Sometimes when playing a game for too long or listening to a song too frequently, it can get very repetitive. Therefore taking a break or changing things up can help in playing a game for a longer time. But the question is, when is the best time to take this break?

Table of Contents

Synopsis

Mobile gaming has grown tremendously over the past few year and all these games have a common goal - to keep their users engaged and playing for as long as possible. Sometimes though, the best things even for the games to do is to force the user to take a break. In this project we will aim to identify if a break introduced after 30 levels is better than one after 40 levels for customer retention.

Python is used for this analysis and stats module from scipy is used to conduct hypothesis testing.

Dataset

The dataset used for this project is from datacamp and can be found below:

https://www.datacamp.com/projects/184

Summary of the Dataset

  • The dataset contains player habbits from over 90189 players of Cookie Cats and we are comparing player retential after 1 and 7 days while introducing two forces breaks. One after 30 rounds and another after 40 rounds of playing.

Exploratory Analysis

Before we conduct the hypothesis testing, we can infer some useful information on playing patterns.

  • Almost an equal number of players are tested on the different control methods as shown in the image below.

    Control_Number

  • Very few players play more than 100 rounds of the game.

    Games_Played

  • Almost 55% of the players stop playing after 1 day of installing the game.

    One_Day_Retention

  • Looking at the player retention after 1 and 7 days for the two control groups, it is hard to say which one performed better..

    Retention

Bootstrapping and Hypothesis Testing

  • Using the Central Limit Theorem, we know that the distribution of the mean of a sample data is a normal distribution.
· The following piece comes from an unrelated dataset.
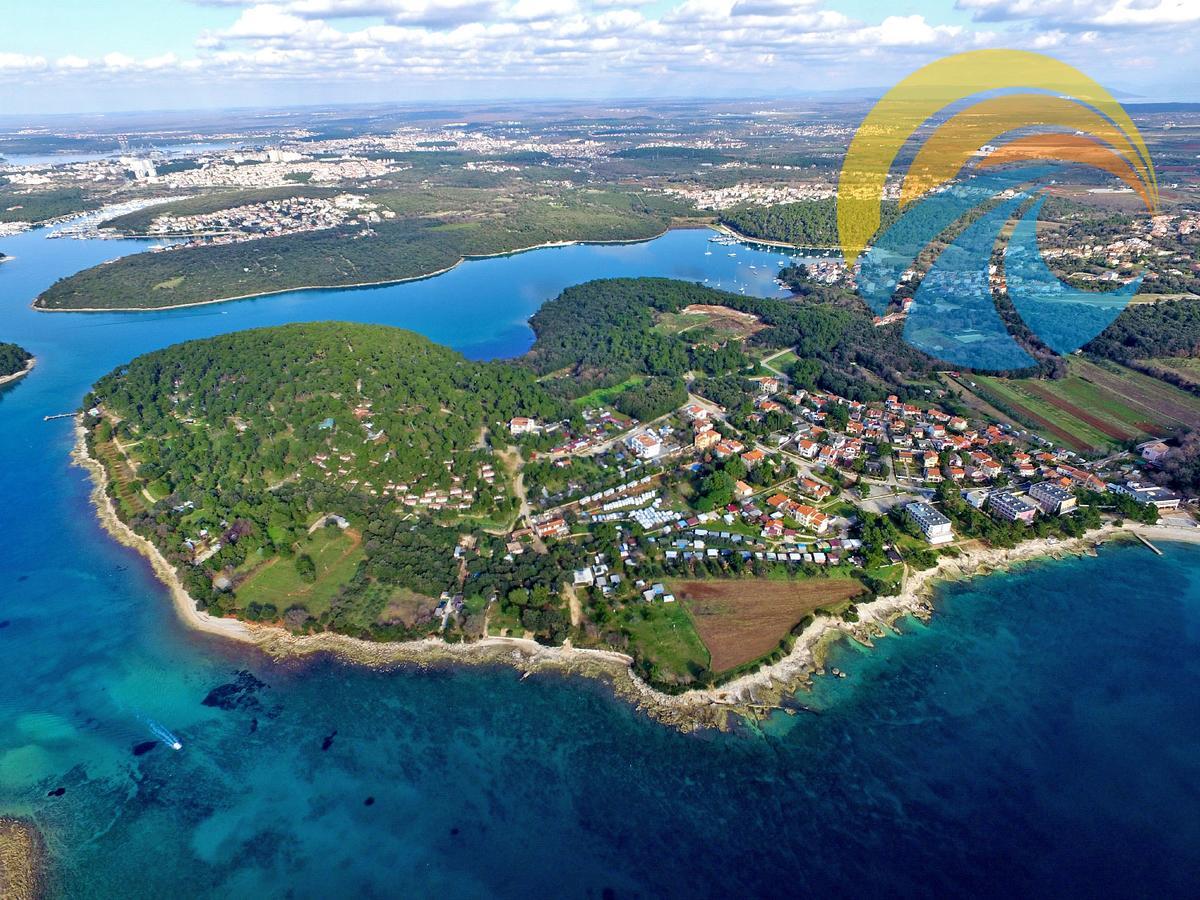 Apartmets Slavica 1644 บานโจเล ภายนอก รูปภาพ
Bootstrapping with replacement is used to genereate a number of sample data combinations and the mean retention values are plotted for the two control methods.

    Retention_bootstrapping

  • The null hypothesis and alternate hypothesis are chosen as follows:

    • Null Hypothesis (H0) : The two control methods have the same mean retention.
    • Alternate Hypothesis (H1) : The two control methods do not have the same mean retention.
  • A student's t-test is conducted using the stats module from the scipy library.

Conclusion

A p value of 0 is obtained, which means that this result is statistically significant and the null hypothesis is rejected.

Based on this the 30 level break is preferred for increased customer retention.